Economia circolare, serre ipertecnologiche, produzione sostenibile. Questi i temi trattati martedì 22 febbraio nell’ultima edizione di Floriade Dialogues, nel padiglione Olandese all’Expo di Dubai.
Risorse necessarie
Sono vari i fattori che stanno guidando l’umanità da un’economia lineare verso un’economia circolare, fa notare Alexander Boedijn, ricercatore dell’università di Wageningen. A cominciare dall’esaurimento delle risorse naturali, la presa di coscienza dell’impatto ambientale delle miniere e del trasporto di materie prime, e della nostra influenza sul clima e sugli ecosistemi.
Nel caso dell’orticoltura in serra, questi sono alcuni dei materiali di consumo: acqua, substrati, fertilizzanti, plastica, biomassa e prodotti per la pulizia delle piante.

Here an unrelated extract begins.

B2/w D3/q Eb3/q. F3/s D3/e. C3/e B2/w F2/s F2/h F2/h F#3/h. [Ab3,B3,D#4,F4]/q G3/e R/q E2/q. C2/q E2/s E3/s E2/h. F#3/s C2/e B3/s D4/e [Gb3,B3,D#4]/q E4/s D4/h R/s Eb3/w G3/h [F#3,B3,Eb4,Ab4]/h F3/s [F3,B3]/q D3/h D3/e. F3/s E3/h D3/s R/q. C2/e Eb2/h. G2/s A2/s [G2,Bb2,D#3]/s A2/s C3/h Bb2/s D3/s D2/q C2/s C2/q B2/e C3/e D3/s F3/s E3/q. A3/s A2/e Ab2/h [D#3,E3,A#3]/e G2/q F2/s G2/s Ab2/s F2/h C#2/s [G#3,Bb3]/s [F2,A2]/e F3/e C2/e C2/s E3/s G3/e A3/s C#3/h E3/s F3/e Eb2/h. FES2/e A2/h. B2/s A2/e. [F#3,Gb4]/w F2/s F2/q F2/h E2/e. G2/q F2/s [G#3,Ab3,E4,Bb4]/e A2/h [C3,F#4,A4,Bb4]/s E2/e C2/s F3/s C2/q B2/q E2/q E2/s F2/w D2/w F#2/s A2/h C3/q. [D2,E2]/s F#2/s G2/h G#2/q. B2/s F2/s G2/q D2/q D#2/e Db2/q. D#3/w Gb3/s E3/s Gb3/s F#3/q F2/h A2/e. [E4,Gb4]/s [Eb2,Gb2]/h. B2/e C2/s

Siamo dipendenti dalle risorse primarie in questo settore. «Forse non è immediatamente comprensibile» prosegue Boedijn mostrando l’immagine di una miniera di fosfato in Marocco «ma mangiare un pomodoro è anche collegato a questa immagine».
Il fosfato, il potassio e il gas naturale sono, infatti, necessari per la produzione dei fertilizzanti usati in serra. Lo stesso vale per il basalto, utilizzato per la produzione del substrato, sostituto del terreno. Ad essere sfruttati sono anche la torba, il petrolio, utilizzato per la plastica, e le acque sotterranee.

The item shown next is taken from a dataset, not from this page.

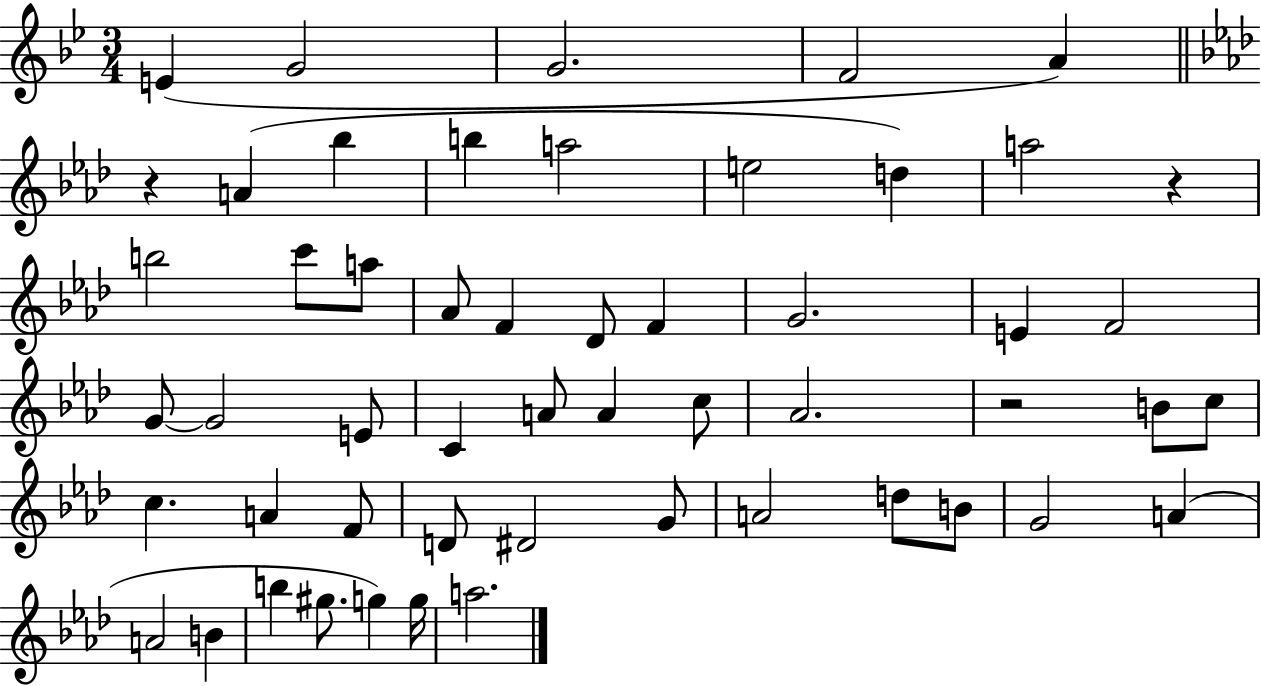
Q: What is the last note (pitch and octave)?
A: A5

Economia circolare e locale
«L’obiettivo è quello di spostarsi da queste filiere naturali, dove prendiamo risorse dalla terra verso una scala circolare e più locale, in cui vengono riutilizzati i prodotti di scarto, magari in altri settori».
Lo studio portato avanti da Boedijn e i suoi colleghi riguarda la quantità di risorse in entrata e di prodotti in uscita dalla produzione di pomodori, rose e orchidee in serra. L’obiettivo è comprendere quali materiali si potrebbero recuperare, ma anche come si mischiano tra loro e le sfide per recuperare queste risorse.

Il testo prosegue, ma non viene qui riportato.